スタッフ紹介Staff

山本 晋輔

山本 晋輔

山本 晋輔
経歴
1982年
生まれ
2006年
京都工芸繊維大学工芸学部造形工学科 卒業
2008年
京都工芸繊維大学大学院工芸科学研究科
造形工学専攻(博士前期課程) 修了
2012年
立命館大学大学院先端総合学術研究科
先端総合学術専攻(一貫制博士課程) 修了
2012年
ゆう建築設計 入社
2017年
立命館大学衣笠総合研究機構客員研究員
 大学では、重度身体障害者の在宅生活を中心に研究に取り組んできました。
 修士課程では建築計画系の研究室に所属し、難病の筋萎縮性側索硬化症(ALS)の人の在宅生活移行支援と、その生活実態調査に取り組んでいました。ALSの身体は医療と福祉の狭間にあります。この方は、頼れる家族がおらず、施設でも受け入れ先がなかったため、病院を転々とされていました。地域生活を強く望んでおられたため、京都市内の町家を本人に合わせた住居として改修し、設計・施工を行ないました。この取り組みは評価されグッドデザイン賞を受賞しました。この方は現在もその町屋で暮らされています。
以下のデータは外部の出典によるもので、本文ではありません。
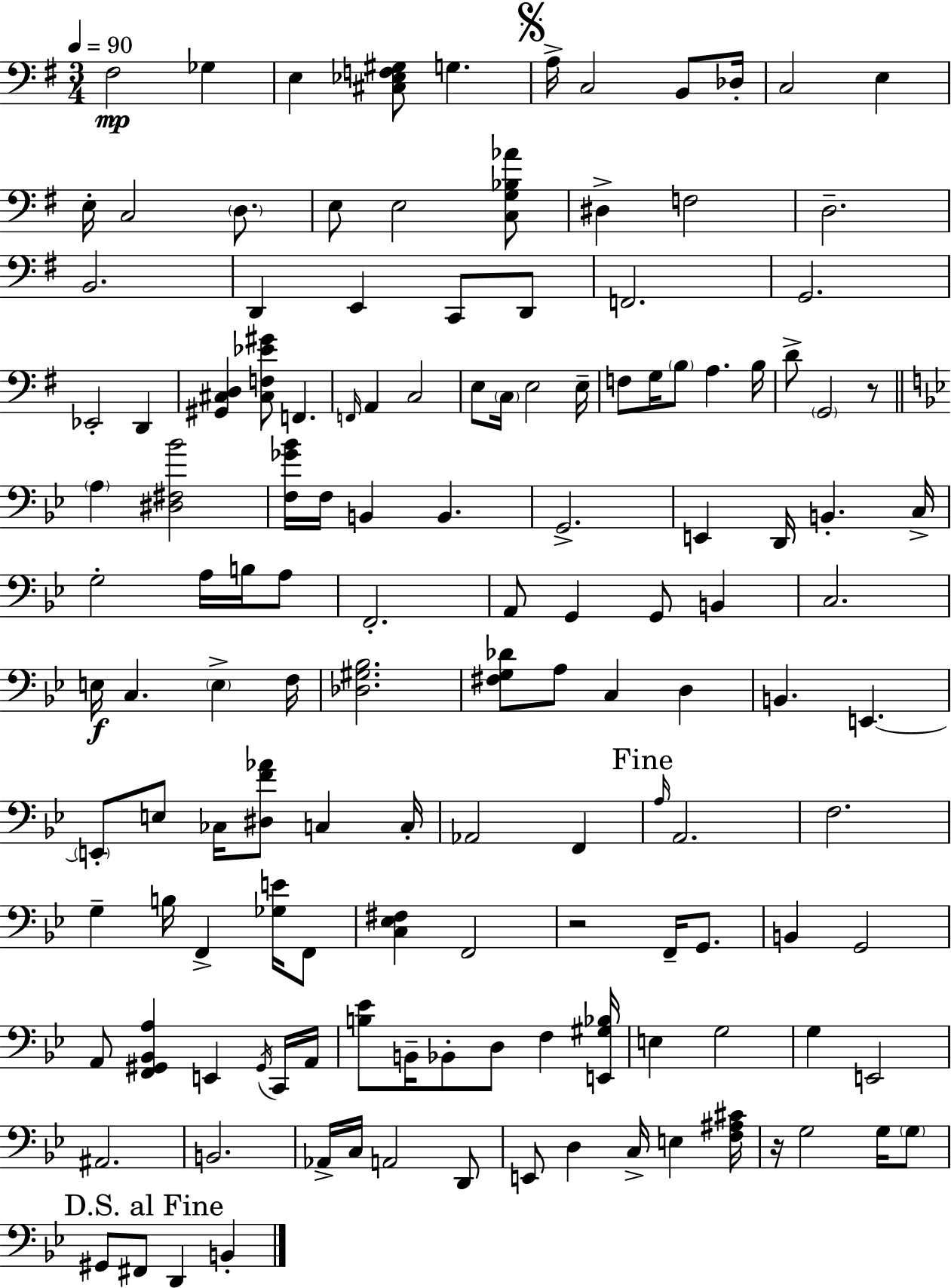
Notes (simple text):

F#3/h Gb3/q E3/q [C#3,Eb3,F3,G#3]/e G3/q. A3/s C3/h B2/e Db3/s C3/h E3/q E3/s C3/h D3/e. E3/e E3/h [C3,G3,Bb3,Ab4]/e D#3/q F3/h D3/h. B2/h. D2/q E2/q C2/e D2/e F2/h. G2/h. Eb2/h D2/q [G#2,C#3,D3]/q [C#3,F3,Eb4,G#4]/e F2/q. F2/s A2/q C3/h E3/e C3/s E3/h E3/s F3/e G3/s B3/e A3/q. B3/s D4/e G2/h R/e A3/q [D#3,F#3,Bb4]/h [F3,Gb4,Bb4]/s F3/s B2/q B2/q. G2/h. E2/q D2/s B2/q. C3/s G3/h A3/s B3/s A3/e F2/h. A2/e G2/q G2/e B2/q C3/h. E3/s C3/q. E3/q F3/s [Db3,G#3,Bb3]/h. [F#3,G3,Db4]/e A3/e C3/q D3/q B2/q. E2/q. E2/e E3/e CES3/s [D#3,F4,Ab4]/e C3/q C3/s Ab2/h F2/q A3/s A2/h. F3/h. G3/q B3/s F2/q [Gb3,E4]/s F2/e [C3,Eb3,F#3]/q F2/h R/h F2/s G2/e. B2/q G2/h A2/e [F2,G#2,Bb2,A3]/q E2/q G#2/s C2/s A2/s [B3,Eb4]/e B2/s Bb2/e D3/e F3/q [E2,G#3,Bb3]/s E3/q G3/h G3/q E2/h A#2/h. B2/h. Ab2/s C3/s A2/h D2/e E2/e D3/q C3/s E3/q [F3,A#3,C#4]/s R/s G3/h G3/s G3/e G#2/e F#2/e D2/q B2/q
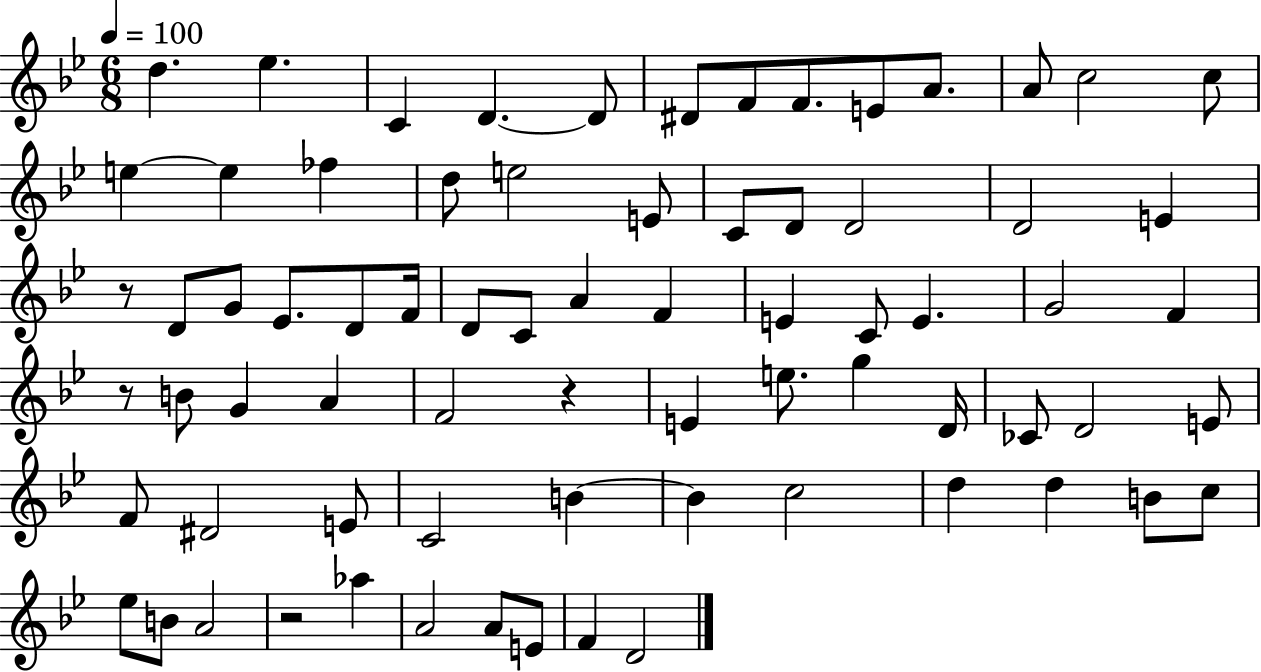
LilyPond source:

{
  \clef treble
  \numericTimeSignature
  \time 6/8
  \key bes \major
  \tempo 4 = 100
  \repeat volta 2 { d''4. ees''4. | c'4 d'4.~~ d'8 | dis'8 f'8 f'8. e'8 a'8. | a'8 c''2 c''8 | \break e''4~~ e''4 fes''4 | d''8 e''2 e'8 | c'8 d'8 d'2 | d'2 e'4 | \break r8 d'8 g'8 ees'8. d'8 f'16 | d'8 c'8 a'4 f'4 | e'4 c'8 e'4. | g'2 f'4 | \break r8 b'8 g'4 a'4 | f'2 r4 | e'4 e''8. g''4 d'16 | ces'8 d'2 e'8 | \break f'8 dis'2 e'8 | c'2 b'4~~ | b'4 c''2 | d''4 d''4 b'8 c''8 | \break ees''8 b'8 a'2 | r2 aes''4 | a'2 a'8 e'8 | f'4 d'2 | \break } \bar "|."
}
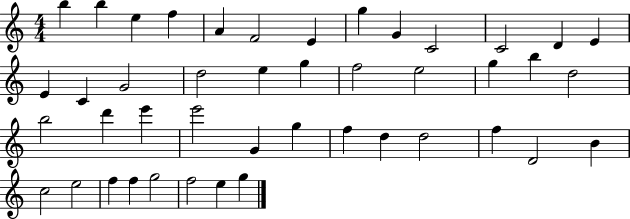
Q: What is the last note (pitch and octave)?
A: G5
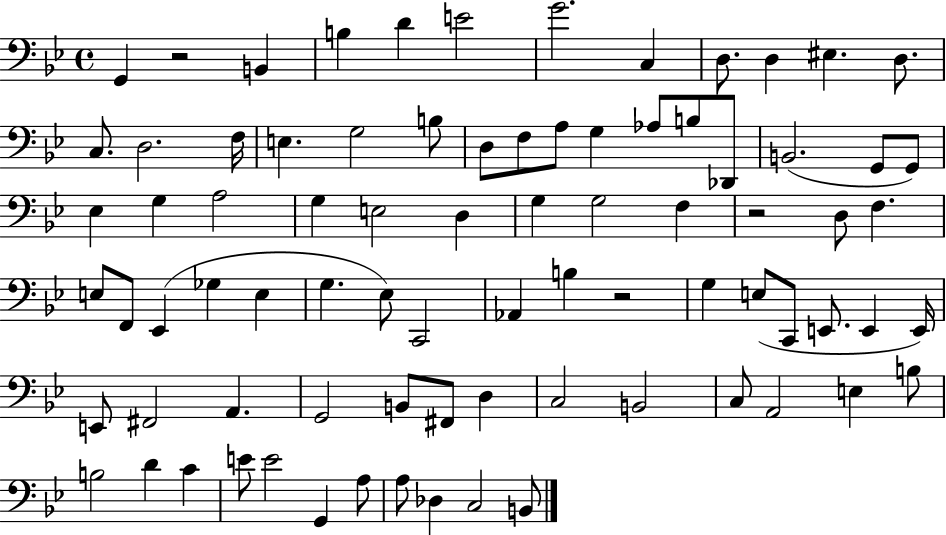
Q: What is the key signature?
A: BES major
 博士課程では社会学に転向しました。建築的な視点をベースにしながら、もう少し視野を広げたいと思ったのです。重度の身体障害で医療的ケアも必要となると24時間つききりの介助が必要です。本来プライベートなはずの家という空間で、家族ではない他人と暮らさなければなりません。そこに特に問題意識を持っていました。このときにも別のALSの人に対して実際に支援活動をしながら研究に取り組んでいました。移行先の家探しからはじまり、引越し費用の借り入れなど、保証人や直筆の署名・押印をどうするかこまごましたことで苦労させられたことをよく覚えています。
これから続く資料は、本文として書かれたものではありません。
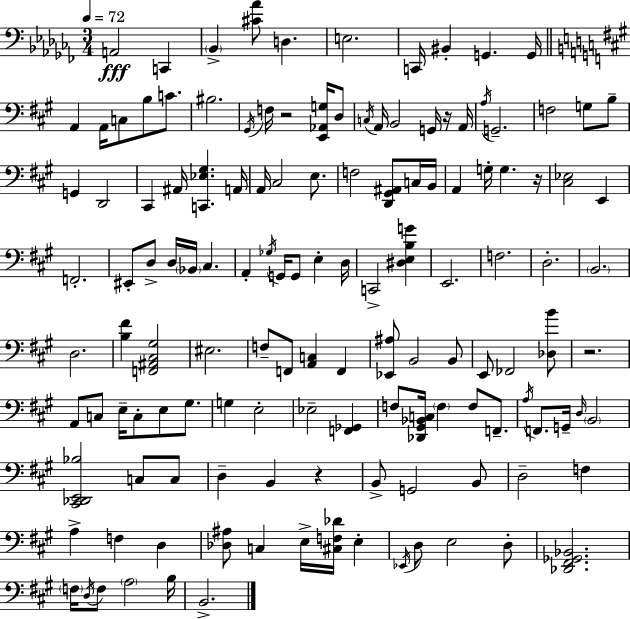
{
  \clef bass
  \numericTimeSignature
  \time 3/4
  \key aes \minor
  \tempo 4 = 72
  a,2\fff c,4 | \parenthesize bes,4-> <cis' aes'>8 d4. | e2. | c,16 bis,4-. g,4. g,16 | \break \bar "||" \break \key a \major a,4 a,16 c8 b8 c'8. | bis2. | \acciaccatura { gis,16 } f16 r2 <e, aes, g>16 d8 | \acciaccatura { c16 } a,16 b,2 g,16 | \break r16 a,16 \acciaccatura { a16 } g,2.-- | f2 g8 | b8-- g,4 d,2 | cis,4 ais,16 <c, ees gis>4. | \break a,16 a,16 cis2 | e8. f2 <d, gis, ais,>8 | c16 b,16 a,4 g16-. g4. | r16 <cis ees>2 e,4 | \break f,2.-. | eis,8-. d8-> d16 \parenthesize bes,16 cis4. | a,4-. \acciaccatura { ges16 } g,16 g,8 e4-. | d16 c,2-> | \break <dis e b g'>4 e,2. | f2. | d2.-. | \parenthesize b,2. | \break d2. | <b fis'>4 <f, ais, cis gis>2 | eis2. | f8-- f,8 <a, c>4 | \break f,4 <ees, ais>8 b,2 | b,8 e,8 fes,2 | <des b'>8 r2. | a,8 c8 e16-- c8-. e8 | \break gis8. g4 e2-. | ees2-- | <f, ges,>4 f8 <des, gis, bes, c>16 \parenthesize f4 f8 | f,8.-- \acciaccatura { a16 } f,8. g,16-- \grace { d16 } \parenthesize b,2 | \break <cis, des, e, bes>2 | c8 c8 d4-- b,4 | r4 b,8-> g,2 | b,8 d2-- | \break f4 a4-> f4 | d4 <des ais>8 c4 | e16-> <cis f des'>16 e4-. \acciaccatura { ees,16 } d8 e2 | d8-. <des, fis, ges, bes,>2. | \break \parenthesize f16 \acciaccatura { d16 } f8 \parenthesize a2 | b16 b,2.-> | \bar "|."
}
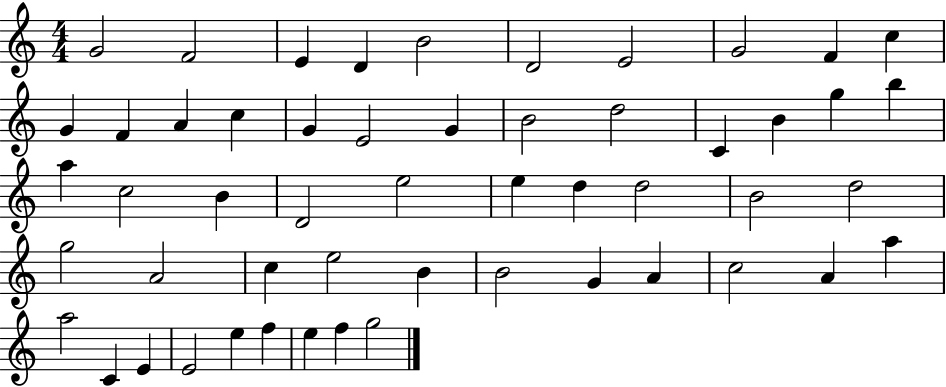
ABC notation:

X:1
T:Untitled
M:4/4
L:1/4
K:C
G2 F2 E D B2 D2 E2 G2 F c G F A c G E2 G B2 d2 C B g b a c2 B D2 e2 e d d2 B2 d2 g2 A2 c e2 B B2 G A c2 A a a2 C E E2 e f e f g2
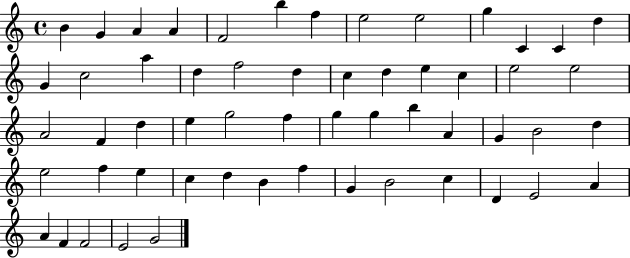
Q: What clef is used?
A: treble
 設計事務所では、施設を多く扱っています。施設という場所はその人たちにとって家になりうるのか。なりえないとしたら、その場所で家族ではない人とどう暮らすのがよいのか。そもそも家の捉え方は、時代によっても変わってきますし、聞く人にとっても三者三様です。
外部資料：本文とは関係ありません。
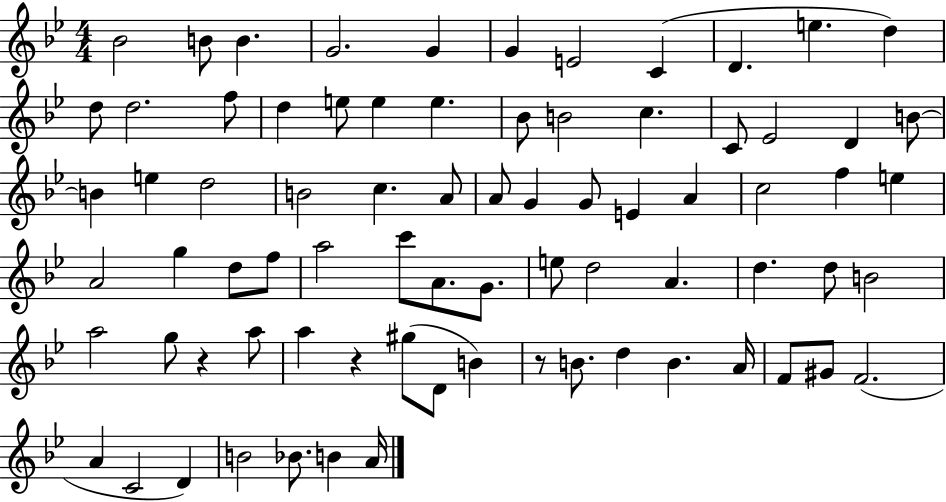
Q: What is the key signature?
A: BES major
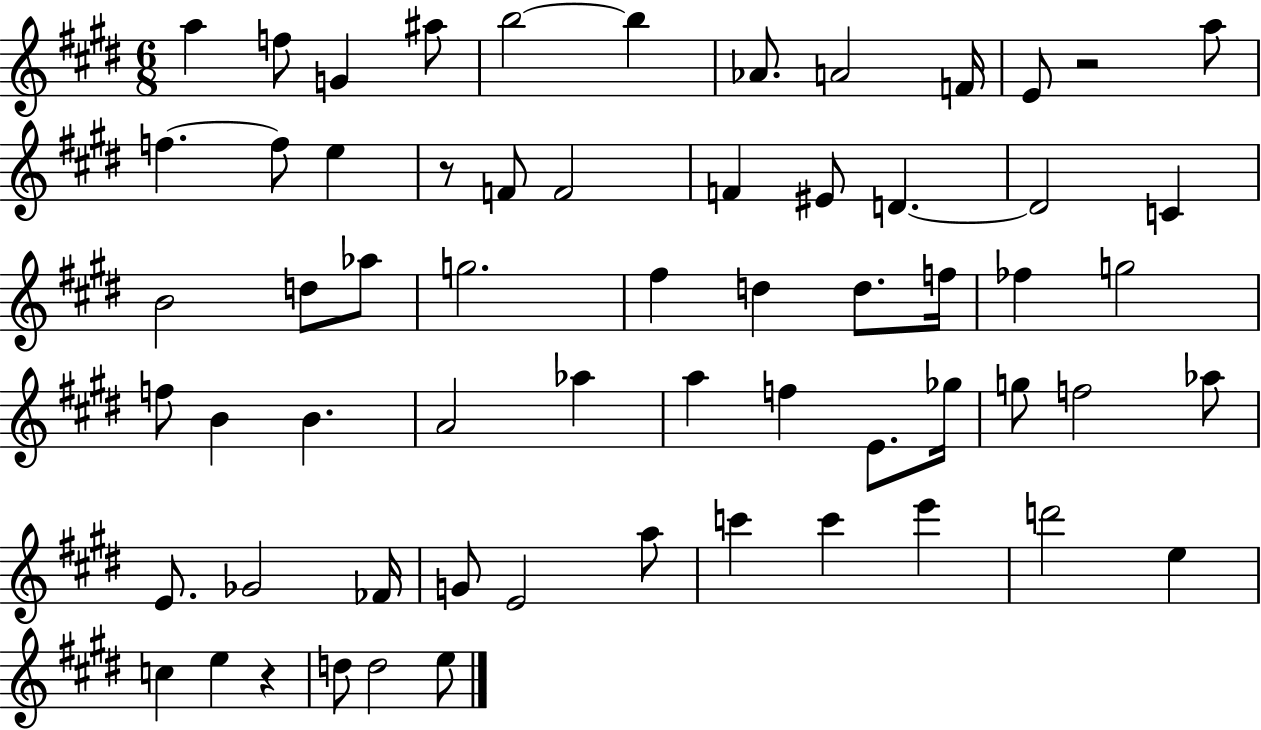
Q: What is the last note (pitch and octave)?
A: E5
 しかし、はっきりしていることは、ひとりで生活することは難しく人の手を借りて/使って暮らさなければならない人たちがいることです。それはかならずどこかの場でなされます。その場のあり方は建築だけで答えが出るものでは決してないと考えています。仕事を通してさまざまな立場の方と出会い、考えを深めていければと思っております。